= Work required =
Please give, exactly as they appear below, the line with "Shaik Jasmine Reed" and every line after it through the final one, and nothing else.

= Dataset excerpts =
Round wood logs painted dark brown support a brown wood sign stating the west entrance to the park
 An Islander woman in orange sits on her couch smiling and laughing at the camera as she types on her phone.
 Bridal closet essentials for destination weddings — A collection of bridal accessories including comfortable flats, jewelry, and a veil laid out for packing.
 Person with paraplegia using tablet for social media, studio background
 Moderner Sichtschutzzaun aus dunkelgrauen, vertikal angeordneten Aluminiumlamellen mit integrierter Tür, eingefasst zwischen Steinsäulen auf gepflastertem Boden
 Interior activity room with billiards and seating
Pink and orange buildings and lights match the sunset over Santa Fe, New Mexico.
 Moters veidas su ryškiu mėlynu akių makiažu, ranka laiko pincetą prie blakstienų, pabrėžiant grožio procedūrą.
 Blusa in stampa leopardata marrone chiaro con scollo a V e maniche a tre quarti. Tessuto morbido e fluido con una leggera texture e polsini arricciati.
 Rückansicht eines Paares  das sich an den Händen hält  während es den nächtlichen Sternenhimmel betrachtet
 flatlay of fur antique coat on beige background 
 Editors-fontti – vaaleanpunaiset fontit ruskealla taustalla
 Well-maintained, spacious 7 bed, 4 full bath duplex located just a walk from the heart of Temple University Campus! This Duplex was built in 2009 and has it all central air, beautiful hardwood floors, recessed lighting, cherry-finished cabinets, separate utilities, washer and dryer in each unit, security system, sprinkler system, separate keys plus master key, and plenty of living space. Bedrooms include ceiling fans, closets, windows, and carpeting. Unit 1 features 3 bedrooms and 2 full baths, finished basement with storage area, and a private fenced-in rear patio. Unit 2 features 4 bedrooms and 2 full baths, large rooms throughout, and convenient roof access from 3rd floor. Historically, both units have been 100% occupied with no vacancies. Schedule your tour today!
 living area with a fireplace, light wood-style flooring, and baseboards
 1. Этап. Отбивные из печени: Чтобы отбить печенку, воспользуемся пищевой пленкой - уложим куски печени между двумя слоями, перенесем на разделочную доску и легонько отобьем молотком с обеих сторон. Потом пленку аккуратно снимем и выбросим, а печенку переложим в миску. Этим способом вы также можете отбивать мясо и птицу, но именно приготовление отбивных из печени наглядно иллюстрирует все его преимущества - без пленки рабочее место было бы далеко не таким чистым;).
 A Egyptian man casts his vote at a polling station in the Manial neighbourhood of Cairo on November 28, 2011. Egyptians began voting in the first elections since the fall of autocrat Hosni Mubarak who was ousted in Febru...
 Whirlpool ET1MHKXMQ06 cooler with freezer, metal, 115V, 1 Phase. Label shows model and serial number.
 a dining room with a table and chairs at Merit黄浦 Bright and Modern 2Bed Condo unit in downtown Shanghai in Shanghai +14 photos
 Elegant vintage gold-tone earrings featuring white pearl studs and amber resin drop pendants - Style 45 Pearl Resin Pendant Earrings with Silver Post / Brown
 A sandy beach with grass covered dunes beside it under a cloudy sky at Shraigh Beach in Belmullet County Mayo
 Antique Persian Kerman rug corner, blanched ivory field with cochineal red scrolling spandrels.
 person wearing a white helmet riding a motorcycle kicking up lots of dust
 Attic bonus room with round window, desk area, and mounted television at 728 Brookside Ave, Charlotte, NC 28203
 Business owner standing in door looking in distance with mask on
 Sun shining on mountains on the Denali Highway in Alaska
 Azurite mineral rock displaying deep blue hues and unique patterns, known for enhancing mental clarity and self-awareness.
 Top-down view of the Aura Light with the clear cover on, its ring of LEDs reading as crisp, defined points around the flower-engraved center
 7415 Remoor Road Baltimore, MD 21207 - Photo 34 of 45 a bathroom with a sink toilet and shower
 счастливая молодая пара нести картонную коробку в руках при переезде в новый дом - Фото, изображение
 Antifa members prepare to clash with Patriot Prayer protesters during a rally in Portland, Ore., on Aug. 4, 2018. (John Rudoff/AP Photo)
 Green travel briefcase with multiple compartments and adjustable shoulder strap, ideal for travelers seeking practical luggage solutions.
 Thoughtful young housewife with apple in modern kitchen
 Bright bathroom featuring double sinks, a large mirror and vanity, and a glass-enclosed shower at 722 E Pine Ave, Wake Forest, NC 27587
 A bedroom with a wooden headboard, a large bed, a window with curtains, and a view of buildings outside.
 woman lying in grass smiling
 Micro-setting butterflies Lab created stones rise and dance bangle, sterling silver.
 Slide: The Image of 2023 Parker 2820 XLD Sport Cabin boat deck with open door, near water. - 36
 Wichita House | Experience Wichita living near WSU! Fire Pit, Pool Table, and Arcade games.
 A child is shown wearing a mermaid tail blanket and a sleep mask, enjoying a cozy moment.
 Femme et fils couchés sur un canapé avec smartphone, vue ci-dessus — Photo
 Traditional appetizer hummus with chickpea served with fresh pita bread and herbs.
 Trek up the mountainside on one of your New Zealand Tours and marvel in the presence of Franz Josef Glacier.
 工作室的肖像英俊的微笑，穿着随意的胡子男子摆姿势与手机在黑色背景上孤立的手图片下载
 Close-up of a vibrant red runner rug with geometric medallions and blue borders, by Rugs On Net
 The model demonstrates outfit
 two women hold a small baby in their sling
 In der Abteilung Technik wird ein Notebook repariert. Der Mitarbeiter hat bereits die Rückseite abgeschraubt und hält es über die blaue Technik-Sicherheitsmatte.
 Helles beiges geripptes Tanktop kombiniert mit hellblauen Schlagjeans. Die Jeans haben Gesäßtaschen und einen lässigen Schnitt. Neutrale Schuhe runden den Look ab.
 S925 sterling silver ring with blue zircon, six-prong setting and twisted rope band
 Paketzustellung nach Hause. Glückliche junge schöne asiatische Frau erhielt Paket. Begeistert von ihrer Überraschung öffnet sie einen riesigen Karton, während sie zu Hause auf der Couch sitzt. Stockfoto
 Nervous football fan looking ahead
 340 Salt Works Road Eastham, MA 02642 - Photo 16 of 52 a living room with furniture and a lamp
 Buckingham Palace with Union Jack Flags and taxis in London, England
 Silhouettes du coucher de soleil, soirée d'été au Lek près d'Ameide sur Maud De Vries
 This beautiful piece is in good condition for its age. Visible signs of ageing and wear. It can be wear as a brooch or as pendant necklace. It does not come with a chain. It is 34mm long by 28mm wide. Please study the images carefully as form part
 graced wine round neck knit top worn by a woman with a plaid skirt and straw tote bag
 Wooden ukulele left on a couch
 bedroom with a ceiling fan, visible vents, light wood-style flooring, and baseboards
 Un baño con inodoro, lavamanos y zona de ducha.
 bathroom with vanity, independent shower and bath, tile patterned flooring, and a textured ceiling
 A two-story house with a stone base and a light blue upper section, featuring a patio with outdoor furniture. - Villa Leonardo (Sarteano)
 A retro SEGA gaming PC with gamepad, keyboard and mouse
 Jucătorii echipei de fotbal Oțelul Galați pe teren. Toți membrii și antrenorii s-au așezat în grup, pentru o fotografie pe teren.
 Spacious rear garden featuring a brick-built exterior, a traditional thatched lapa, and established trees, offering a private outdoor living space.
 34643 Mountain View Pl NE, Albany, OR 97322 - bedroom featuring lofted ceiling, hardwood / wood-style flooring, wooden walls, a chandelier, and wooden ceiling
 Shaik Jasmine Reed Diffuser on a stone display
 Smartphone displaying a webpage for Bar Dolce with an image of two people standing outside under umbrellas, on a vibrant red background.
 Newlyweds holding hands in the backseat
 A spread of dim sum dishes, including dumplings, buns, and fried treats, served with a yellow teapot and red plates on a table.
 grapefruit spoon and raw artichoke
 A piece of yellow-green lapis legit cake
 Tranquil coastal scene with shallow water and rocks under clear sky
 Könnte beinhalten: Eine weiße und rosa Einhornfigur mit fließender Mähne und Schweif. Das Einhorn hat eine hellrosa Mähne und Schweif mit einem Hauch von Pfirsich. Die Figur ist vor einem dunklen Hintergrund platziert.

= Output for this exercise =
 Shaik Jasmine Reed Diffuser on a stone display
 Smartphone displaying a webpage for Bar Dolce with an image of two people standing outside under umbrellas, on a vibrant red background.
 Newlyweds holding hands in the backseat
 A spread of dim sum dishes, including dumplings, buns, and fried treats, served with a yellow teapot and red plates on a table.
 grapefruit spoon and raw artichoke
 A piece of yellow-green lapis legit cake
 Tranquil coastal scene with shallow water and rocks under clear sky
 Könnte beinhalten: Eine weiße und rosa Einhornfigur mit fließender Mähne und Schweif. Das Einhorn hat eine hellrosa Mähne und Schweif mit einem Hauch von Pfirsich. Die Figur ist vor einem dunklen Hintergrund platziert.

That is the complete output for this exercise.